[What to work on]
Among the records below, find the line that has "河口湖にある無人島です。河口"; from there, give the lines again exactly, and stop after the line that has "Bumdesma di Pulau".

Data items

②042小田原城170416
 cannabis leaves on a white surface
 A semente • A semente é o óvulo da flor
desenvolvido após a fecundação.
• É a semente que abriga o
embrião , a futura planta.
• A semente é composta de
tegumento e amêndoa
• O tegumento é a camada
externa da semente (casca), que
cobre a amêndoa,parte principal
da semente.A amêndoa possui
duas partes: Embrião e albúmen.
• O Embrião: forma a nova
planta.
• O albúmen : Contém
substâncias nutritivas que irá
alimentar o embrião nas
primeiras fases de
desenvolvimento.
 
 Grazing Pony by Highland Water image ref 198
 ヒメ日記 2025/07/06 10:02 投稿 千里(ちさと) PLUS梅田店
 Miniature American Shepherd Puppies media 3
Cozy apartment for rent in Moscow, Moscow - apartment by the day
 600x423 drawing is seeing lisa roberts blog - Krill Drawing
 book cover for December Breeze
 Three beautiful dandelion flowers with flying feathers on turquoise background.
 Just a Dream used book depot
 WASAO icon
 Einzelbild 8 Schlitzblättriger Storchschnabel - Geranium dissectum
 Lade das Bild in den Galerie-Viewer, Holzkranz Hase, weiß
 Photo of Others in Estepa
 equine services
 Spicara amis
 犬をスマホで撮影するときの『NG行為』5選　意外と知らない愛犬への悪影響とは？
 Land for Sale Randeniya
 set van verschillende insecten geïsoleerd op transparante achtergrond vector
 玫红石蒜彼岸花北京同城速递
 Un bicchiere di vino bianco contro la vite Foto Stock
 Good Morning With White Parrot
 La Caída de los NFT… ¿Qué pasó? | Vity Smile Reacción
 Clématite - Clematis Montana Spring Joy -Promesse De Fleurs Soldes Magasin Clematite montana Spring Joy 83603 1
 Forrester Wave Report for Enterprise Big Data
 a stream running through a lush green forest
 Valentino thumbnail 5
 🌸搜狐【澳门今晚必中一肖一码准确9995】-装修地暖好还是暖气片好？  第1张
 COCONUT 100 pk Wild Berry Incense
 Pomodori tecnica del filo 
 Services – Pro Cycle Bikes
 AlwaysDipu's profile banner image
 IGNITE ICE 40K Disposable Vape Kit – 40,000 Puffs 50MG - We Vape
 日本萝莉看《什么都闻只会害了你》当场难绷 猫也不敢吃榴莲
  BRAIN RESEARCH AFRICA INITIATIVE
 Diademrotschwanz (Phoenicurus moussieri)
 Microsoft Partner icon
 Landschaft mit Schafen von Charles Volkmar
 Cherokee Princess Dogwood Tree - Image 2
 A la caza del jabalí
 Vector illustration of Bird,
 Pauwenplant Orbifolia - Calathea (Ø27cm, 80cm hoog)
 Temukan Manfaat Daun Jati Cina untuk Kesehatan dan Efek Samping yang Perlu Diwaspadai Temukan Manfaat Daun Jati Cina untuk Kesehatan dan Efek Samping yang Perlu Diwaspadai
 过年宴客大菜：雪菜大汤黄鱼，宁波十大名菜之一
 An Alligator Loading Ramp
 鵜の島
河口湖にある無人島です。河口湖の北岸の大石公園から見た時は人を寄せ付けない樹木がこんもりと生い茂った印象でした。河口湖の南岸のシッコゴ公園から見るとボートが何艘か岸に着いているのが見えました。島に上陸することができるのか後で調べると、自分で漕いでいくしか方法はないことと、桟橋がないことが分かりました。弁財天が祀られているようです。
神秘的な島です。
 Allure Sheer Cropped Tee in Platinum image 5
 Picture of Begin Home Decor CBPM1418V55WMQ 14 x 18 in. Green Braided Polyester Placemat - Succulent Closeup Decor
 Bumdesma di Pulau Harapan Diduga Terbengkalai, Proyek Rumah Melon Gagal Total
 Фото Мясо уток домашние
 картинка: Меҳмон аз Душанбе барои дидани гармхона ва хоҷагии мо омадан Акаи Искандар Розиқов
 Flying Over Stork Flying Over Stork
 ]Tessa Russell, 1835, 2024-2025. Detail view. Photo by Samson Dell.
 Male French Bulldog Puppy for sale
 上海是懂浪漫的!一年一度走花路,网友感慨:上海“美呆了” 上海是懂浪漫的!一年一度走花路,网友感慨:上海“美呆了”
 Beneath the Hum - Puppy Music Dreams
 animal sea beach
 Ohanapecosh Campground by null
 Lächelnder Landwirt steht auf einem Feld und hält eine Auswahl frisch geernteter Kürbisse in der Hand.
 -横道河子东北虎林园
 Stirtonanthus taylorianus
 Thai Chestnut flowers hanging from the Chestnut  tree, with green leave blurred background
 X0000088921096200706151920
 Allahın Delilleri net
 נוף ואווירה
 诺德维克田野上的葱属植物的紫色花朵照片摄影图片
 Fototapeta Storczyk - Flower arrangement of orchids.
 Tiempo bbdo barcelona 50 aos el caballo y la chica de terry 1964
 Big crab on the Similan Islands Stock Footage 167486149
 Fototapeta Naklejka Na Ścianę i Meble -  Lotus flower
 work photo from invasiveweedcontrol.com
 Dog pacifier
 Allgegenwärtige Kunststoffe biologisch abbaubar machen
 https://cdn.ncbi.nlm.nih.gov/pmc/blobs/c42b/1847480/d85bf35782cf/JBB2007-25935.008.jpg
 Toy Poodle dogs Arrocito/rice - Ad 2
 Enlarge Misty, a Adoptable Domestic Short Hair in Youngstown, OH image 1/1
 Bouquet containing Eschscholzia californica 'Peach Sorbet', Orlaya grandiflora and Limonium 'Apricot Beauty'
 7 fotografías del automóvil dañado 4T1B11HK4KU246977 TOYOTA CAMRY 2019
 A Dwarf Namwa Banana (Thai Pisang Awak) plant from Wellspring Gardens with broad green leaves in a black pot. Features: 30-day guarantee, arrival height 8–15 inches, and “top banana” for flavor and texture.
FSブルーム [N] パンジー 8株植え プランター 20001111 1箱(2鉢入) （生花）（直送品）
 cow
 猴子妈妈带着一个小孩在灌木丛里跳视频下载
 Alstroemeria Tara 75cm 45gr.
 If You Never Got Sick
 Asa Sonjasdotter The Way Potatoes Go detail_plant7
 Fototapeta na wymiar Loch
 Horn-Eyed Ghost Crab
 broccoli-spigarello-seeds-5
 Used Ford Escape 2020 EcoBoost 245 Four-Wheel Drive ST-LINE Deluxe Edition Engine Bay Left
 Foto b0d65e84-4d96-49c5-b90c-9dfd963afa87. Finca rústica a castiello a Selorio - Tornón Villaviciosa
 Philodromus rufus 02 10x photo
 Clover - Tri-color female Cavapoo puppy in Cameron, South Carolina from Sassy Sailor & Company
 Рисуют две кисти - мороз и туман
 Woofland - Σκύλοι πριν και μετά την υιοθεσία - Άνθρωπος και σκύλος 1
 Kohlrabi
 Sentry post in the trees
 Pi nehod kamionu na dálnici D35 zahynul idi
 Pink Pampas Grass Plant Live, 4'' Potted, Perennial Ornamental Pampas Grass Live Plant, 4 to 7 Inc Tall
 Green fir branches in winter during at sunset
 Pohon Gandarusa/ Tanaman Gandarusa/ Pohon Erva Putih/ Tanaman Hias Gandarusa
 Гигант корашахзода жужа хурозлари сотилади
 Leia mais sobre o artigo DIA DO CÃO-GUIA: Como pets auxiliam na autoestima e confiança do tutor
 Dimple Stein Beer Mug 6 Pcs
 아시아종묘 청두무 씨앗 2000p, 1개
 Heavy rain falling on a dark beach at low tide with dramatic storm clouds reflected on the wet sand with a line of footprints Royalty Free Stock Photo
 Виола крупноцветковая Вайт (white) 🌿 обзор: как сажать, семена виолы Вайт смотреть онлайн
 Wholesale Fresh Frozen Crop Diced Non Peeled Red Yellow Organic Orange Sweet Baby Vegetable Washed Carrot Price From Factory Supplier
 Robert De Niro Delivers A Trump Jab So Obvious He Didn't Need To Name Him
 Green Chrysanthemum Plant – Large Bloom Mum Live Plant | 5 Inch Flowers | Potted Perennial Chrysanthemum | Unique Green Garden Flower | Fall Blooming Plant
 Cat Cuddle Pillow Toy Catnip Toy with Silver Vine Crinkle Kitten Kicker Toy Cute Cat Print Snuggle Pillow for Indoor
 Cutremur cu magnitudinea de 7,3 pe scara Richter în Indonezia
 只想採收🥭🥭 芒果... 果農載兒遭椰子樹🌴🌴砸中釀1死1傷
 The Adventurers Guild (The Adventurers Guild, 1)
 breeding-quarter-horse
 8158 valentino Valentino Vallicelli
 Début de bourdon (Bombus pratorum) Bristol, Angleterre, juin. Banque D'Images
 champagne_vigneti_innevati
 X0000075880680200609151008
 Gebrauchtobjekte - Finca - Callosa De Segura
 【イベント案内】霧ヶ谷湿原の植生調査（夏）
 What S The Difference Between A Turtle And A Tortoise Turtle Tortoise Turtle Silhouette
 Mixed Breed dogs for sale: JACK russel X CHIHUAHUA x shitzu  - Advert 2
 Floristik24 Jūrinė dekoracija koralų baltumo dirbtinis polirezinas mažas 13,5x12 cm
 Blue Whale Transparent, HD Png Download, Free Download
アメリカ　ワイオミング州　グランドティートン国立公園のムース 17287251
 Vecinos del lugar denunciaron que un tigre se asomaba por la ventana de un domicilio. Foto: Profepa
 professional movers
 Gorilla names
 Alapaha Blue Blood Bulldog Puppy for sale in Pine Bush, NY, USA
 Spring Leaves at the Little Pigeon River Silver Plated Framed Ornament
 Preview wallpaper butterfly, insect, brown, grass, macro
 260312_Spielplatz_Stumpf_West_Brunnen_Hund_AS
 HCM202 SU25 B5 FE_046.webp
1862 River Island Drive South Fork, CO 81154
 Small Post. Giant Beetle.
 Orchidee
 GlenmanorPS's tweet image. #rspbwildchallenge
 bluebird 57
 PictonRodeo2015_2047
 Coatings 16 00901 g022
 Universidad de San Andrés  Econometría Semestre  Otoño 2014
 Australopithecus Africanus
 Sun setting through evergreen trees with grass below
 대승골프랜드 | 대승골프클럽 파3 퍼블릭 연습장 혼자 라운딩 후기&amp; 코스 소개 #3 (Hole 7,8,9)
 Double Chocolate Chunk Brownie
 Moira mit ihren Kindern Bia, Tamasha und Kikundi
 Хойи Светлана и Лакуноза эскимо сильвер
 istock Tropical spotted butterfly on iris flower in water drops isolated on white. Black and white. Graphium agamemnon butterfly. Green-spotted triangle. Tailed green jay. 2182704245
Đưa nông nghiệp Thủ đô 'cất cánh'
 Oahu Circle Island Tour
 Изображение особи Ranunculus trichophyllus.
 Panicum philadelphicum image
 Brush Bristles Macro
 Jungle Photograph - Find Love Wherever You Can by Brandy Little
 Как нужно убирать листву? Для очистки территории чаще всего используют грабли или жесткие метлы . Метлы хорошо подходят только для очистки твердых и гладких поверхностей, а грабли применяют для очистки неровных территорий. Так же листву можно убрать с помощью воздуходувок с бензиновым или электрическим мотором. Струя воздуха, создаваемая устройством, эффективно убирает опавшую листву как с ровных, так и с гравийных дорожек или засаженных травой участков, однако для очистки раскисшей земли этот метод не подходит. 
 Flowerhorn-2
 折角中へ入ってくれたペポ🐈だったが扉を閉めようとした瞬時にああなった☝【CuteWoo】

[Output for this task]
河口湖にある無人島です。河口湖の北岸の大石公園から見た時は人を寄せ付けない樹木がこんもりと生い茂った印象でした。河口湖の南岸のシッコゴ公園から見るとボートが何艘か岸に着いているのが見えました。島に上陸することができるのか後で調べると、自分で漕いでいくしか方法はないことと、桟橋がないことが分かりました。弁財天が祀られているようです。
神秘的な島です。
 Allure Sheer Cropped Tee in Platinum image 5
 Picture of Begin Home Decor CBPM1418V55WMQ 14 x 18 in. Green Braided Polyester Placemat - Succulent Closeup Decor
 Bumdesma di Pulau Harapan Diduga Terbengkalai, Proyek Rumah Melon Gagal Total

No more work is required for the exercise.